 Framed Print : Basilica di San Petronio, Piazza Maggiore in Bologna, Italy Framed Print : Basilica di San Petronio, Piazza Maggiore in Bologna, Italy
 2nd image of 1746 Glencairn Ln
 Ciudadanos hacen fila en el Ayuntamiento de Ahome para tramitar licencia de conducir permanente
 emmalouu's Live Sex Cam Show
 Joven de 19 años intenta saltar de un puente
* * *
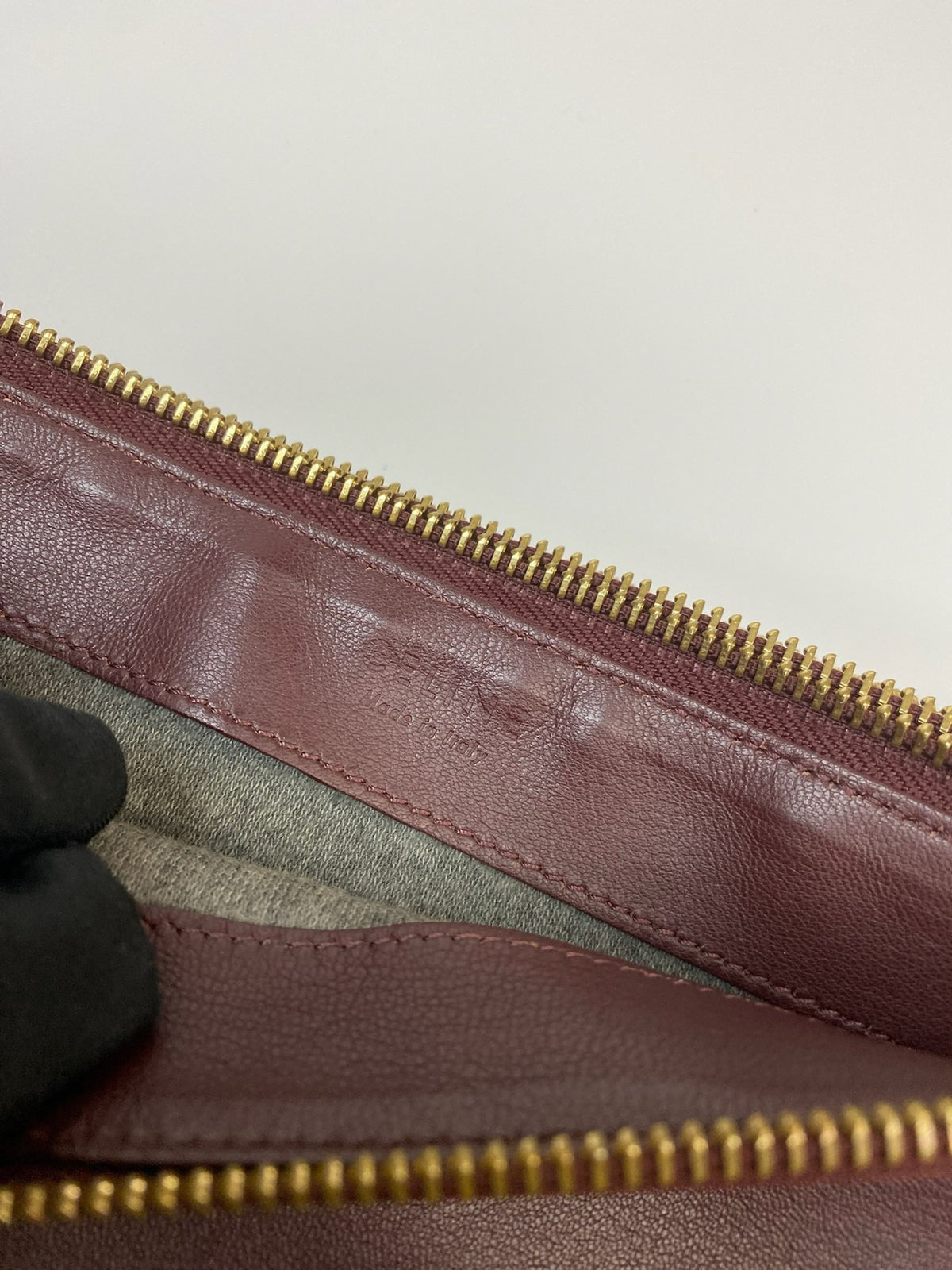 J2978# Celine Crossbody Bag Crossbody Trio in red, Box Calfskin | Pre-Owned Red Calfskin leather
--
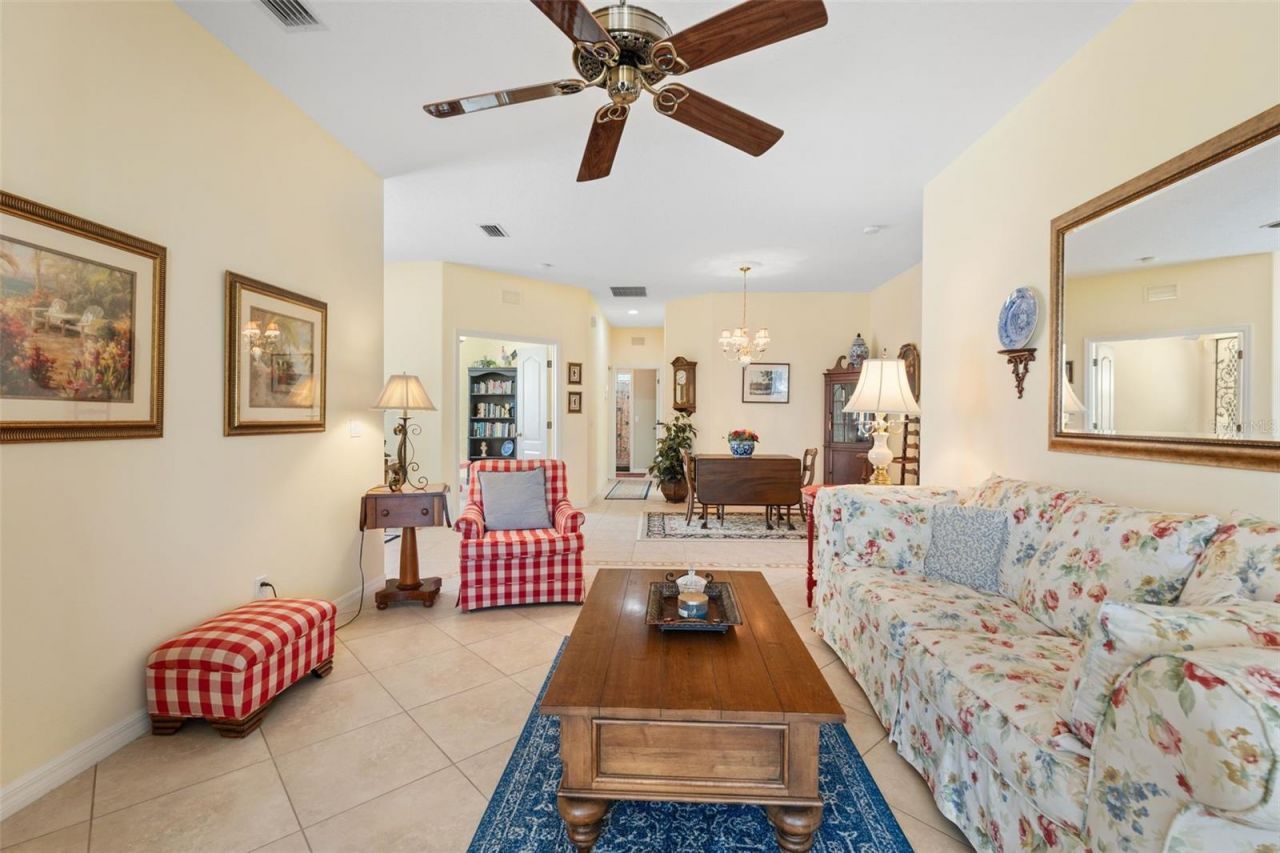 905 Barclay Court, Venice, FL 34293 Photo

The task —
Only the lines above starting at the one containing "Ciudadanos hacen fila" and ending at the one containing "Joven de 19 años intenta saltar de un puente", both included, are to be returned, exactly as they read.

Task answer —
 Ciudadanos hacen fila en el Ayuntamiento de Ahome para tramitar licencia de conducir permanente
 emmalouu's Live Sex Cam Show
 Joven de 19 años intenta saltar de un puente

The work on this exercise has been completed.